- Born: 1997 (age 28) Queens, New York City, U.S.
- Occupations: Magician; mentalist;
- Spouse: Shani Roth ​(m. 2022)​
- Website: shlomolevinger.com

= Shlomo Levinger =

American magician (born 1997)

Shlomo Levinger (born 1997) is an American magician and mentalist. He has performed internationally and has been called "the athletes' magician" due to his performances for various major-league baseball teams, and also posts videos of his performances online.

== Life and career ==
Shlomo Levinger was born in 1997 to Rabbi Chaim and Tova Levinger. He grew up in the Kew Gardens neighborhood of Queens, New York, and has four siblings. He was a baseball fan and he studied at Yeshiva Ketana of Queens and Tiferes Moshe for elementary school, followed by Yeshivas Chofetz Chaim for high school. His interest in magic began after he watched an online video of a magician performing card tricks. From then on, he continuously practiced magic as his skills progressed. After graduating high school he studied in Chofetz Chaim in Israel, after which he returned to the United States and attended the Yeshiva of Waterbury.

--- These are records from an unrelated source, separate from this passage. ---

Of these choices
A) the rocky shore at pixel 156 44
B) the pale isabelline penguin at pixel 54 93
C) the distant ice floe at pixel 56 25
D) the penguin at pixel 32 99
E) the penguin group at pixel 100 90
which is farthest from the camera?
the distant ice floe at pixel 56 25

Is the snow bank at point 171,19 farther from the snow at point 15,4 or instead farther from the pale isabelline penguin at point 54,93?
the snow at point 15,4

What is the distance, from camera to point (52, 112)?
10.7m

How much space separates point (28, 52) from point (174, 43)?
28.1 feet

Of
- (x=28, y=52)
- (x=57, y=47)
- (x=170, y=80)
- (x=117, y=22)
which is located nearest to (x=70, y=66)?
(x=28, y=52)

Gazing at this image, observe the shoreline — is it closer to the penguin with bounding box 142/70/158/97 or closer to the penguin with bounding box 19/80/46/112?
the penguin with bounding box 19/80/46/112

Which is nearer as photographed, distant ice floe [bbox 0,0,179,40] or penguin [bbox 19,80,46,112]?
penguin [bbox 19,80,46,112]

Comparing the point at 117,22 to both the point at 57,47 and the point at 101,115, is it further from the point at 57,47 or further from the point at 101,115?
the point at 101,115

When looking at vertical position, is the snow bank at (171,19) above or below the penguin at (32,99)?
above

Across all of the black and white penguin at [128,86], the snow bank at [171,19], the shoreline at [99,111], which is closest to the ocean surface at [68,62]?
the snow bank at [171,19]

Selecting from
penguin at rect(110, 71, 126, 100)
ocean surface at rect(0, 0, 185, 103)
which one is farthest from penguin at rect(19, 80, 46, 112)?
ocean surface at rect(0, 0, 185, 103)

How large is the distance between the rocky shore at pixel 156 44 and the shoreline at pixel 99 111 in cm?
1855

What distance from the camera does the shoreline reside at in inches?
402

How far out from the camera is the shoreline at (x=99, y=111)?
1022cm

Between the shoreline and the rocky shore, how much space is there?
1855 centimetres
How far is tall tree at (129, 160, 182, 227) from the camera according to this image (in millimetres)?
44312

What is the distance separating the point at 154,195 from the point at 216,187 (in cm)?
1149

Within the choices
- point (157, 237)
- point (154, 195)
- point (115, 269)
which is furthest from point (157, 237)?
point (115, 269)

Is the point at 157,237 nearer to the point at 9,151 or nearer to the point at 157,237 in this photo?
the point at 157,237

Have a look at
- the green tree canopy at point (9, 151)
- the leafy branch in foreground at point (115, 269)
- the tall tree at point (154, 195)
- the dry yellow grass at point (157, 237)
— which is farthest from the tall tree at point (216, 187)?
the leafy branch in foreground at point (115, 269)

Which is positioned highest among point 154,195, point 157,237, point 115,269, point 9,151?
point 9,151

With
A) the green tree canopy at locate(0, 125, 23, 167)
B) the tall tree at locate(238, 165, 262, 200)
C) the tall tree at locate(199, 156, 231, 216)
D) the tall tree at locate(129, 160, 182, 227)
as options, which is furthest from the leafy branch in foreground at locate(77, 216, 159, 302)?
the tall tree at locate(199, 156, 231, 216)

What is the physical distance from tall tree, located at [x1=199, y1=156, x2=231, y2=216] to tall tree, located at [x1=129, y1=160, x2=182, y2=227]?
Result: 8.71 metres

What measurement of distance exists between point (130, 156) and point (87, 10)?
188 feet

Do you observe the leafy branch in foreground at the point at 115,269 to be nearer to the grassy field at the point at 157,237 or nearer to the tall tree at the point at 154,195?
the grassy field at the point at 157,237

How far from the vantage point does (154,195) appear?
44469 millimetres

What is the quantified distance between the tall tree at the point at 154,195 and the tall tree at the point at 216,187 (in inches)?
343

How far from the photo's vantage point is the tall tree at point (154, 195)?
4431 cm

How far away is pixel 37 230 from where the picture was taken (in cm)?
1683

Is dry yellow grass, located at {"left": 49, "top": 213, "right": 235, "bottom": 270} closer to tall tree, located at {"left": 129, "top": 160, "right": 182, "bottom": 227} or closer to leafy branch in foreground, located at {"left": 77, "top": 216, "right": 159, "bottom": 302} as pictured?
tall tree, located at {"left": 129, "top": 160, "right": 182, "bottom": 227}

Levinger began his career at the age of 14 by performing street magic in New York City and posting videos of these performances online. His brother, Dave, serves as his videographer. At age 17, he started performing at small events, with his first paid gig being a Chanuka party where he earned $50. He continued to perform at various events throughout his time at yeshiva. Levinger's career advanced in 2021 after baseball player Mike Trout started following him on Instagram. Initially skeptical, Levinger soon realized it was Trout's official account and sent him a message. Trout expressed interest in seeing Levinger perform live, leading to a special performance in late August 2021. Levinger entertained Trout, Justin Upton, Dexter Fowler, Alex Cobb and Anthony Rizzo in the Angel Stadium players' parking lot after a game against the New York Yankees. The hour-long set, posted on YouTube, went viral and attracted attention from other baseball players, including Alex Bregman, who requested live performances.

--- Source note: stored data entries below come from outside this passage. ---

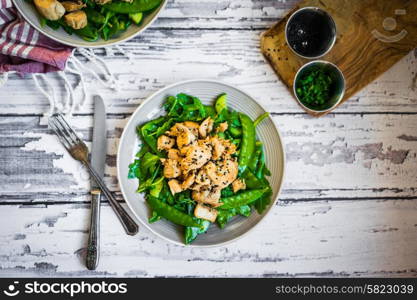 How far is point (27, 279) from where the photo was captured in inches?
69.0

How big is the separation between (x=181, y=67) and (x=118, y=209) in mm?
664

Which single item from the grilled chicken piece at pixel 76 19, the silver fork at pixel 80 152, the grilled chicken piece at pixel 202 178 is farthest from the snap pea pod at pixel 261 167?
the grilled chicken piece at pixel 76 19

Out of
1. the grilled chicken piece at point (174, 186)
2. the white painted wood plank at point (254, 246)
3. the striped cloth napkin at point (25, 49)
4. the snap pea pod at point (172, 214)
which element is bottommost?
the white painted wood plank at point (254, 246)

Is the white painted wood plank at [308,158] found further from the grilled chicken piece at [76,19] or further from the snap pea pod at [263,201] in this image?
the grilled chicken piece at [76,19]

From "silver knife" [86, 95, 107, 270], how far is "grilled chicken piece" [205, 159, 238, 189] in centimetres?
45

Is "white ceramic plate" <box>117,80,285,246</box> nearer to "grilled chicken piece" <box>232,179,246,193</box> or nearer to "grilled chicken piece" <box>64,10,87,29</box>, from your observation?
"grilled chicken piece" <box>232,179,246,193</box>

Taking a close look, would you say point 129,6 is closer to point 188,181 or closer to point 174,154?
point 174,154

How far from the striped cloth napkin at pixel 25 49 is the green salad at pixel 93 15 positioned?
0.33 ft

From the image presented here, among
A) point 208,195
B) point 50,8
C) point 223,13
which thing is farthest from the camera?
point 223,13

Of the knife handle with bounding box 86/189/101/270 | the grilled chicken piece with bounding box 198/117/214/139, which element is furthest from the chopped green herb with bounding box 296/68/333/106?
the knife handle with bounding box 86/189/101/270

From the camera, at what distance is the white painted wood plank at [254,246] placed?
69.0 inches

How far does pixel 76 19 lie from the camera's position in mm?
1526

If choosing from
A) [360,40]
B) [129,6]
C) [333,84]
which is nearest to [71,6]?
[129,6]

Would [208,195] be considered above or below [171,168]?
below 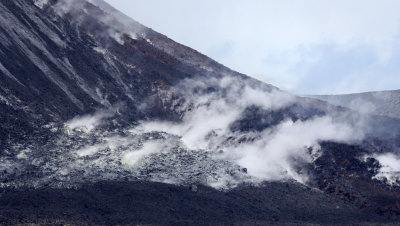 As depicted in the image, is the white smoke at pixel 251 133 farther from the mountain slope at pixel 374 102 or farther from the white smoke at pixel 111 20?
the mountain slope at pixel 374 102

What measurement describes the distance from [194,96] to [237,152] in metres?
9.34

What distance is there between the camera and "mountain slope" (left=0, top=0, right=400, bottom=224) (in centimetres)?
2752

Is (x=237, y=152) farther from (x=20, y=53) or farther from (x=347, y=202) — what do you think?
(x=20, y=53)

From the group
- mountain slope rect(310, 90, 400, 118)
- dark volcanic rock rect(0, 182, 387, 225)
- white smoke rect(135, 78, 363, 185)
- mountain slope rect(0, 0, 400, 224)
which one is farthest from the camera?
mountain slope rect(310, 90, 400, 118)

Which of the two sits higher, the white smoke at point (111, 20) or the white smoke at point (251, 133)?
the white smoke at point (111, 20)

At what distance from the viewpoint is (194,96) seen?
43.5 metres

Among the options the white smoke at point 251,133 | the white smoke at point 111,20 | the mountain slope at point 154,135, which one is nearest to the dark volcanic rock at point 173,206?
the mountain slope at point 154,135

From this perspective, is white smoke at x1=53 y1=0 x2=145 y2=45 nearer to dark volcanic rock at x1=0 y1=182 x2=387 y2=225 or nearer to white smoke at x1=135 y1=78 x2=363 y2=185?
white smoke at x1=135 y1=78 x2=363 y2=185

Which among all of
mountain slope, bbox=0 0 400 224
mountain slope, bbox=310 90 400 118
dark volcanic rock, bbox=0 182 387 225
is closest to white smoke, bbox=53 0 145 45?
mountain slope, bbox=0 0 400 224

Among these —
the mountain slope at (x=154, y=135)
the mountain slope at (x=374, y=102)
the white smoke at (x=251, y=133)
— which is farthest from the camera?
the mountain slope at (x=374, y=102)

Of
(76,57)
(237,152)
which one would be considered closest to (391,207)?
(237,152)

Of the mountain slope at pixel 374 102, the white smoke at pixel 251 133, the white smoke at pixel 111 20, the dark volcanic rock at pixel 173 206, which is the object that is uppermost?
the mountain slope at pixel 374 102

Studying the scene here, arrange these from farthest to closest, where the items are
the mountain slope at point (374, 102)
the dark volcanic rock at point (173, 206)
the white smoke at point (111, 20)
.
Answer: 1. the mountain slope at point (374, 102)
2. the white smoke at point (111, 20)
3. the dark volcanic rock at point (173, 206)

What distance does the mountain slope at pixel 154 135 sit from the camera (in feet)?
90.3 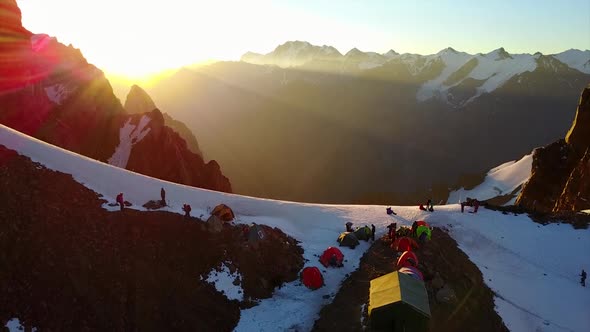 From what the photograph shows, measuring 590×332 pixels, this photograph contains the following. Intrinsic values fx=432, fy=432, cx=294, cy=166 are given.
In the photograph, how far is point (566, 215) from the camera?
39.0m

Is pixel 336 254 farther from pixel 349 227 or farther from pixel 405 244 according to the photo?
pixel 349 227

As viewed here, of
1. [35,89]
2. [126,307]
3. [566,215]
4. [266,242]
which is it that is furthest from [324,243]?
[35,89]

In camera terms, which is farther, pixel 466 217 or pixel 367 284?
pixel 466 217

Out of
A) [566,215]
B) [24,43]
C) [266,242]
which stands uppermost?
[24,43]

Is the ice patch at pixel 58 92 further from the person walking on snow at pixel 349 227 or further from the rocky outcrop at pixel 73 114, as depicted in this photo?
the person walking on snow at pixel 349 227

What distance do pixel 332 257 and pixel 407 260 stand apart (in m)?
4.90

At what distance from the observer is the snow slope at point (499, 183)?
105m

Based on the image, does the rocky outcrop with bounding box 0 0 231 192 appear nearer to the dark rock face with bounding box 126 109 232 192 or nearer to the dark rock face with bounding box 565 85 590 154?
the dark rock face with bounding box 126 109 232 192

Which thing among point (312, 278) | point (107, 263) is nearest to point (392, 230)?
point (312, 278)

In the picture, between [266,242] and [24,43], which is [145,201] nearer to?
[266,242]

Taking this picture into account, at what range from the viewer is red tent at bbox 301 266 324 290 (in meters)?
25.7

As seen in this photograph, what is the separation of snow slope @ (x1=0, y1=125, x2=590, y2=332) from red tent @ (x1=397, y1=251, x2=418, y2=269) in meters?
3.41

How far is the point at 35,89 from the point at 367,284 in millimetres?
56551

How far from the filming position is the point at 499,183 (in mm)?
111688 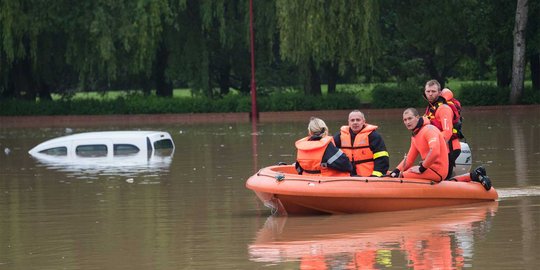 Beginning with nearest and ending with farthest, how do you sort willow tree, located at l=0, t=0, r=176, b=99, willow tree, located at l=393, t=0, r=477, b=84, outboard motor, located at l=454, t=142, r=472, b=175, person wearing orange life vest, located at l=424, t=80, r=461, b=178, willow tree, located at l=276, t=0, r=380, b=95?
person wearing orange life vest, located at l=424, t=80, r=461, b=178
outboard motor, located at l=454, t=142, r=472, b=175
willow tree, located at l=276, t=0, r=380, b=95
willow tree, located at l=0, t=0, r=176, b=99
willow tree, located at l=393, t=0, r=477, b=84

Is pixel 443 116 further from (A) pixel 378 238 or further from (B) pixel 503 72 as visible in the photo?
(B) pixel 503 72

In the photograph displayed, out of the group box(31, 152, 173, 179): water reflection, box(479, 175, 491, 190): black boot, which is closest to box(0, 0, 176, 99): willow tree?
box(31, 152, 173, 179): water reflection

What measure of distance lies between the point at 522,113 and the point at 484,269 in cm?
3438

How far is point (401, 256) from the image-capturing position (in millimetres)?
13438

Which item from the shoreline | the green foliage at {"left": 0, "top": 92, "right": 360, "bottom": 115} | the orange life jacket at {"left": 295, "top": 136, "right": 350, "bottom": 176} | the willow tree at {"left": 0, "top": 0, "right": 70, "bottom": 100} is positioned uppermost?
the willow tree at {"left": 0, "top": 0, "right": 70, "bottom": 100}

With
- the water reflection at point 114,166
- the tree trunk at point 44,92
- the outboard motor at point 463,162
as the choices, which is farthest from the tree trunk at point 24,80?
the outboard motor at point 463,162

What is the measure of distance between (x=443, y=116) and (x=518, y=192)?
2404mm

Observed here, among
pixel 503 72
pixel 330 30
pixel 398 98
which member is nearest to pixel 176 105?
pixel 330 30

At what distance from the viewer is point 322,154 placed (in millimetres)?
17375

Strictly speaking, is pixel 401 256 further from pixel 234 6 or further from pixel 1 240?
pixel 234 6

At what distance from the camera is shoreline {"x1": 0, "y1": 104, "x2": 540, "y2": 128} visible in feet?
160

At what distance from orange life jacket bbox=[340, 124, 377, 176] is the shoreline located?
30.0m

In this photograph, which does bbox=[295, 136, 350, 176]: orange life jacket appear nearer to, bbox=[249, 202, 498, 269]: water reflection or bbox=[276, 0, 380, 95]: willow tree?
bbox=[249, 202, 498, 269]: water reflection

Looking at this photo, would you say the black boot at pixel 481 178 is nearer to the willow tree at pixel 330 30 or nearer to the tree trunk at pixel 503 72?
the willow tree at pixel 330 30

Levinger is known for his performances for various sports teams, leading to him being named "the athletes' magician" by Sports Illustrated. He performed for the Los Angeles Dodgers in their clubhouse during spring training in March 2024 and then for the Los Angeles Angels in March 2025. His performances have also included appearances for baseball teams such as the Houston Astros, the New York Yankees, and the New York Mets, and the Nashville Predators ice hockey team. He does not charge for his performances for sports teams, besides for travel expenses.

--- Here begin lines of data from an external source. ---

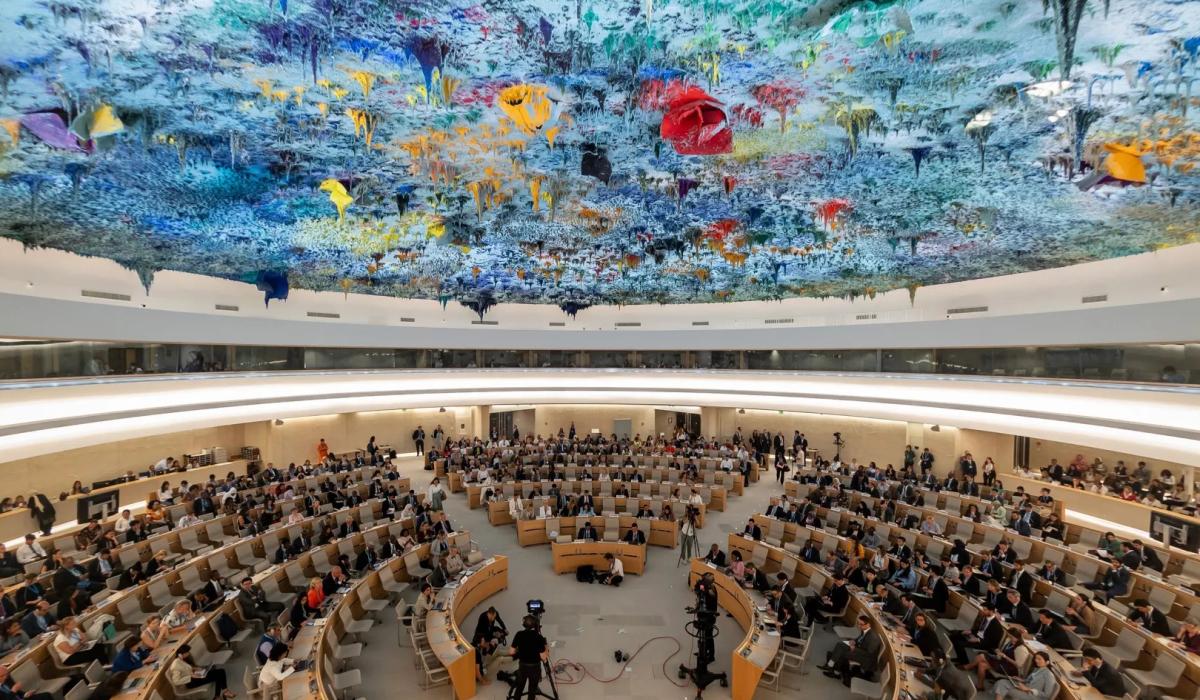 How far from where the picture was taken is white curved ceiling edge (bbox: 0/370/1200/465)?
12.0 meters

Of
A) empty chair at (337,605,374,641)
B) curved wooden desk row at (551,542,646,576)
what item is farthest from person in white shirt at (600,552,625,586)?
empty chair at (337,605,374,641)

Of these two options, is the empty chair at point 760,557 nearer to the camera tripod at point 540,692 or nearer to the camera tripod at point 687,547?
the camera tripod at point 687,547

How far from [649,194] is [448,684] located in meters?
8.87

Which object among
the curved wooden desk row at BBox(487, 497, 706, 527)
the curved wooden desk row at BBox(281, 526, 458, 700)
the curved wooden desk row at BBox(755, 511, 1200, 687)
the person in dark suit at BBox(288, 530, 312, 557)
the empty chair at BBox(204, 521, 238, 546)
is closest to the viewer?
the curved wooden desk row at BBox(281, 526, 458, 700)

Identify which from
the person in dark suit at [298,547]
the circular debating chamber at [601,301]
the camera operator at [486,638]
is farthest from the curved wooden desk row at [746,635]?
the person in dark suit at [298,547]

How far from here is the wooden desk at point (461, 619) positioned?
8.53 meters

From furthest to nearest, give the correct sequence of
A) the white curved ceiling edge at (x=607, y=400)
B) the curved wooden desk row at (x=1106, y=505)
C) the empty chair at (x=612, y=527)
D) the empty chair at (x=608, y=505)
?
the empty chair at (x=608, y=505) → the curved wooden desk row at (x=1106, y=505) → the empty chair at (x=612, y=527) → the white curved ceiling edge at (x=607, y=400)

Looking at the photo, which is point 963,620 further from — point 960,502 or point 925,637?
point 960,502

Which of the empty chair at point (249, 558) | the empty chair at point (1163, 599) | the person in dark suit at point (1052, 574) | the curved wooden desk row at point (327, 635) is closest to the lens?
the curved wooden desk row at point (327, 635)

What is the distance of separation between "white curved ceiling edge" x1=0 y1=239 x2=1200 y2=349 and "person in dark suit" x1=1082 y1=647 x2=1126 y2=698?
6.64 metres

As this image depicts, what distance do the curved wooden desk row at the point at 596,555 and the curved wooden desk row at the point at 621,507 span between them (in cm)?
256

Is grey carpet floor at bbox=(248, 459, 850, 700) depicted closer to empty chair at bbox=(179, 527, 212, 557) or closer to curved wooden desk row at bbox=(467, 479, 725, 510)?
curved wooden desk row at bbox=(467, 479, 725, 510)

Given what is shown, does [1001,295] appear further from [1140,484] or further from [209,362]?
[209,362]

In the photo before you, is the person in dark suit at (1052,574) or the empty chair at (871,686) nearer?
the empty chair at (871,686)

He has also performed for celebrities such as Kris Bryant, Donovan Mitchell, Ben Shapiro, and companies like Sony and ABC Audio. Additionally, he has performed at several charity events, including those for Joe Smith and Walker Buehler, and at various international events.

Levinger is described as having a casual, amiable, and non-threatening presence. His persona as a magician is portrayed as being "the guy next door" who has some cool tricks, aiming to create a "light energy" rather than something "creepy." He tries to be creative and original in his work, and he has a laid-back vibe and a natural, non-gimmicky style.

Levinger is an Orthodox Jew and always performs wearing a yarmulke and tzitzis. He married Shani Roth in April 2022, and they live in Far Rockaway, New York. They had a son, Avi, in June 2025.